I’ve already put a bunch of work into optimizing ZAM for executing the default scripts, so the first two suggestions above only make sense if you’re using significant additional scripts over the default ones. (Also, the first two options will make your execution run much more slowly than it normally does, because of the expense of the instrumentation used to gather the profiles, so you’ll need to adjust your traffic load accordingly.)

Thank you for your time and great guidance, actually we would like to tried all your mentioned three possibilities.

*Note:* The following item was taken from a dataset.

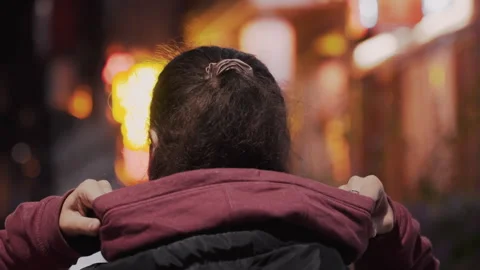 Night walking back view adjusting hood profile, glass framed face turns to neon Vídeo Stock 342281550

For your mentioned methods 1) and 2), actually we do have installed some third party plugins from packages.zeek.org and some custom scripts on our working environment. But since we know they are going to take extra computing, so we use the default scripts version as a based performance reference.

We’ll test our loaded scripts/plugins version and adjust the traffic accordingly. Once we have the profile result, we’ll post asap.

For your mentioned third method, we are more than happy to try the feature. And it might be the case that we don’t have to compile all scripts to C++, but some bottleneck ones from profiling results of aforementioned 1 and 2. We look forwarding discussing details with you by zeek slack.

Again thank you for your time and we’re honor to have this chance to try ZAM and might even improve the performance further.